Data in this exercise:

"""

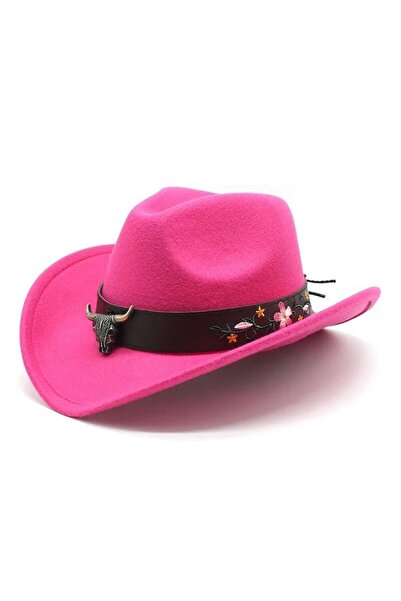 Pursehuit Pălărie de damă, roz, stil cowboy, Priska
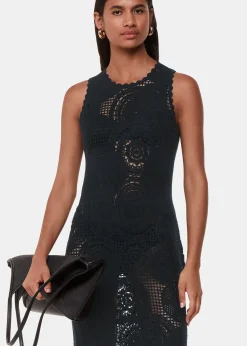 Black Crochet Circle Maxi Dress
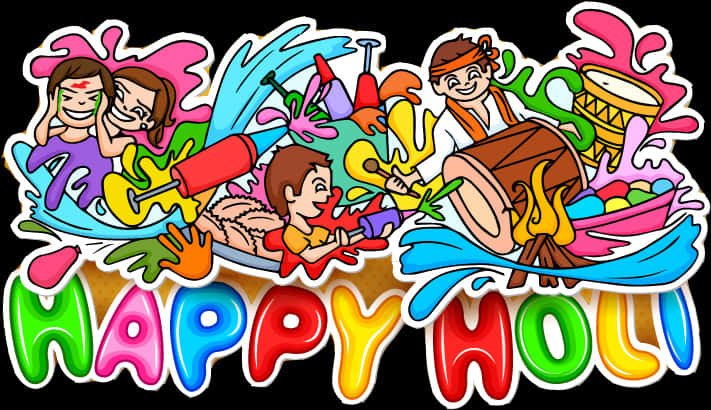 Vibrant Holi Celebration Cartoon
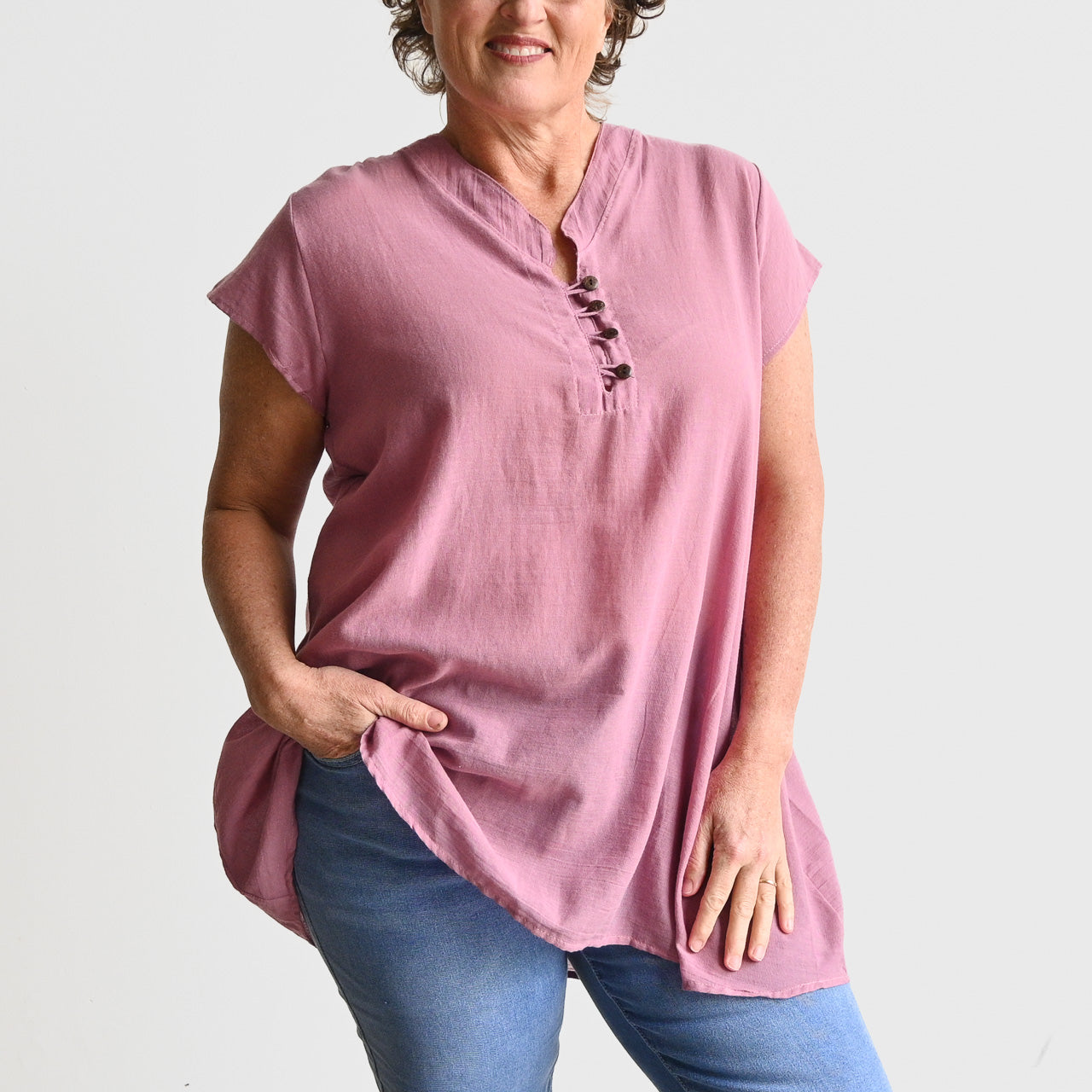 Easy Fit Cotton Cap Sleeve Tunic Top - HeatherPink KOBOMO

"""
"""

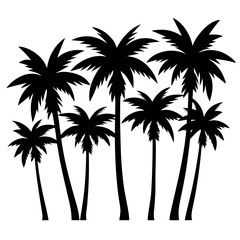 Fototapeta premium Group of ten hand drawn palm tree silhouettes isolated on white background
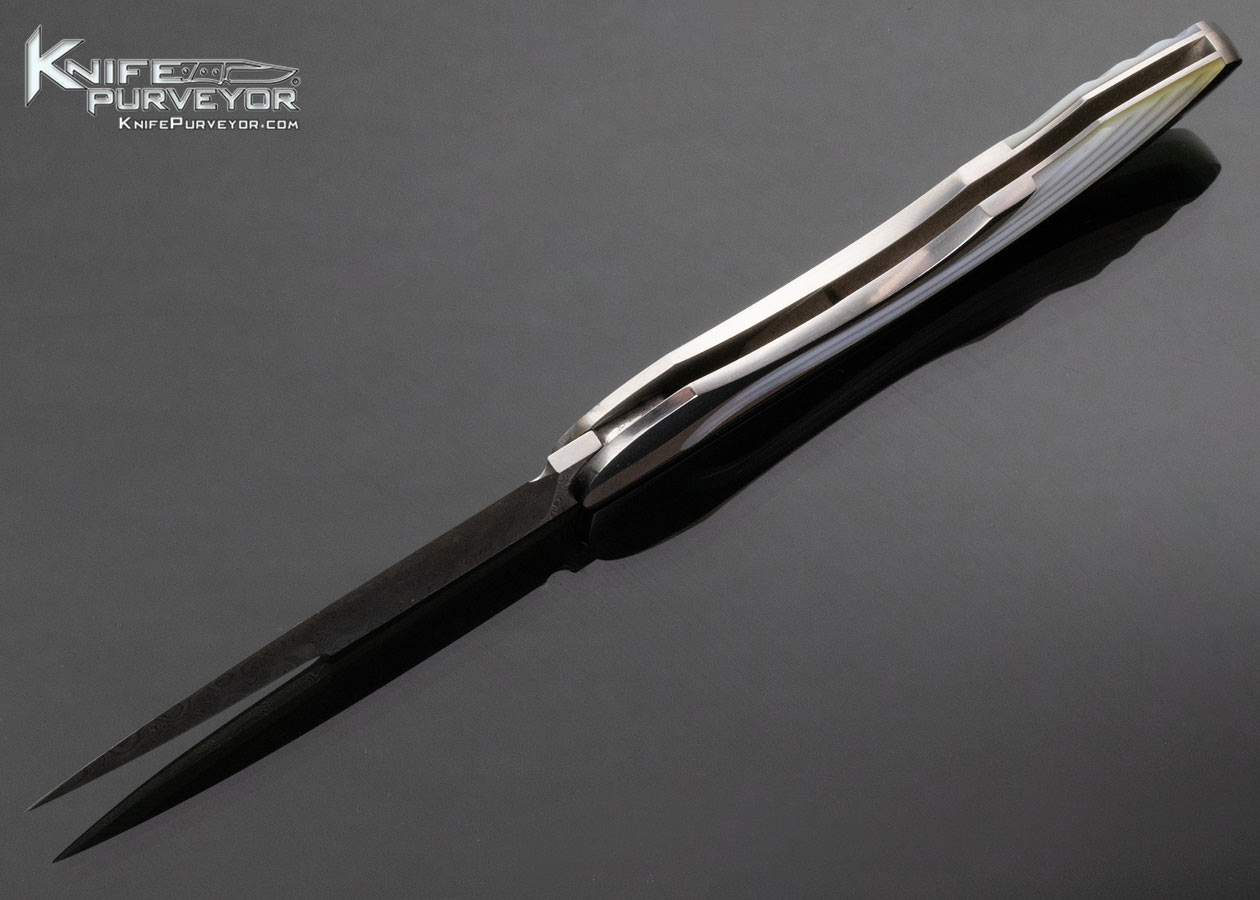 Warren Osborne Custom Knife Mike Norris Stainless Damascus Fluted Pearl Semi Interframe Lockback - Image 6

"""

What to do:
Reproduce the lines above beginning at the line that contains "Black Crochet Circle Maxi Dress" and ending at the line that contains "Easy Fit Cotton". No pictures.

Expected answer:
 Black Crochet Circle Maxi Dress
 Vibrant Holi Celebration Cartoon
 Easy Fit Cotton Cap Sleeve Tunic Top - HeatherPink KOBOMO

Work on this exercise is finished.